What the exercise asks - Without including any pictures, write out all the entries exactly.

Source material -
····················

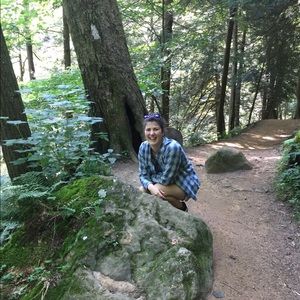 Meet your Posher, Elyse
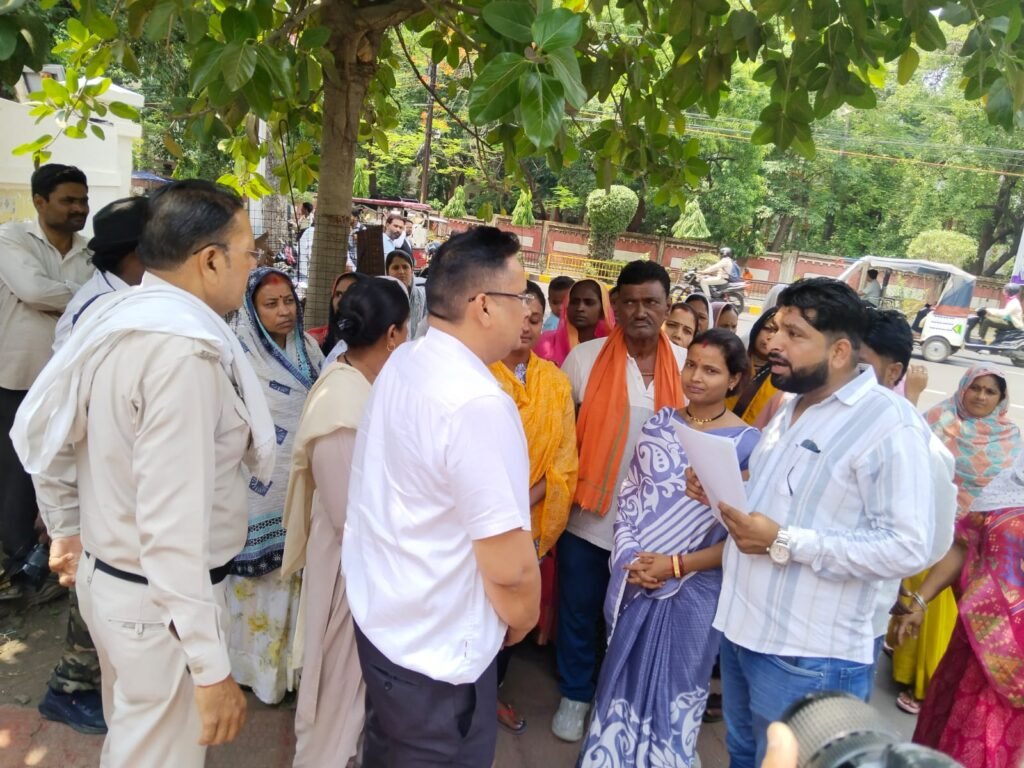 गलत इलाज करने वाले डॉक्टर पर हो कार्यवाही 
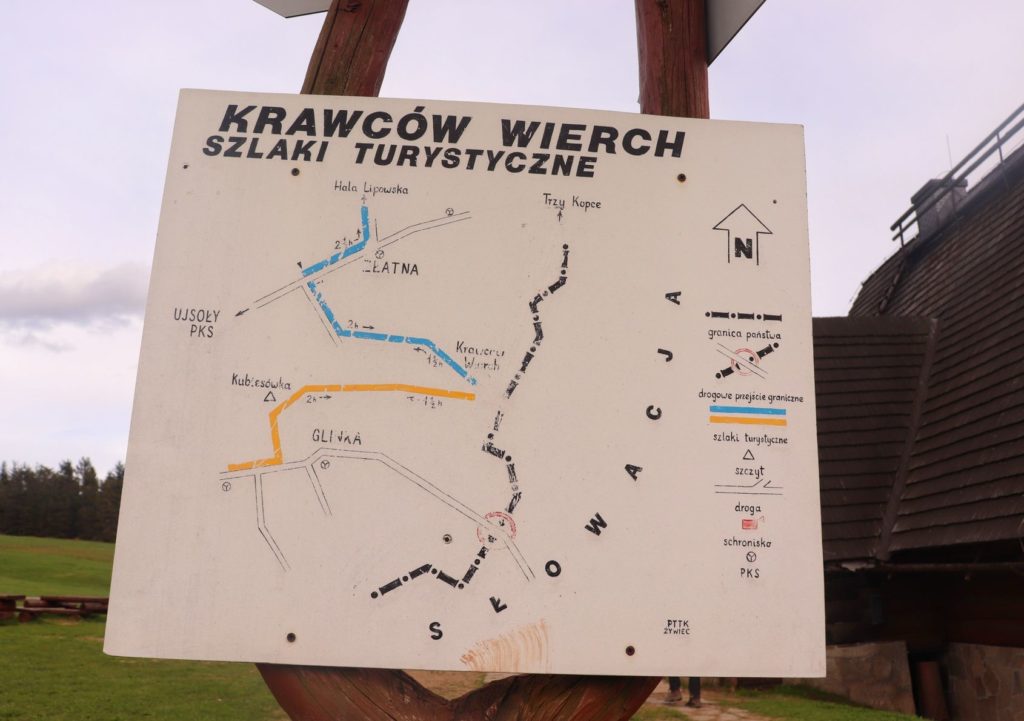 Krawców Wierch - opis szlaków turystycznych - tablica wisząca przy budynku Bacówki na Krawcowym Wierchu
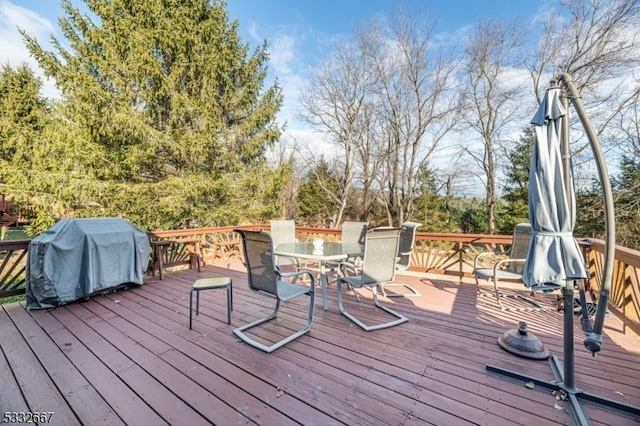 deck with grilling area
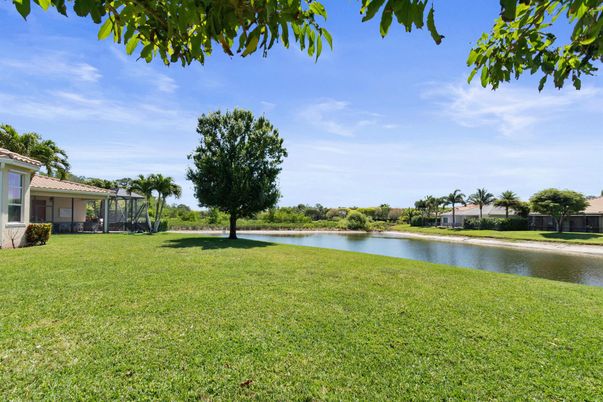 Exterior, Lake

····················

The completed task -
 Meet your Posher, Elyse
 गलत इलाज करने वाले डॉक्टर पर हो कार्यवाही 
 Krawców Wierch - opis szlaków turystycznych - tablica wisząca przy budynku Bacówki na Krawcowym Wierchu
 deck with grilling area
 Exterior, Lake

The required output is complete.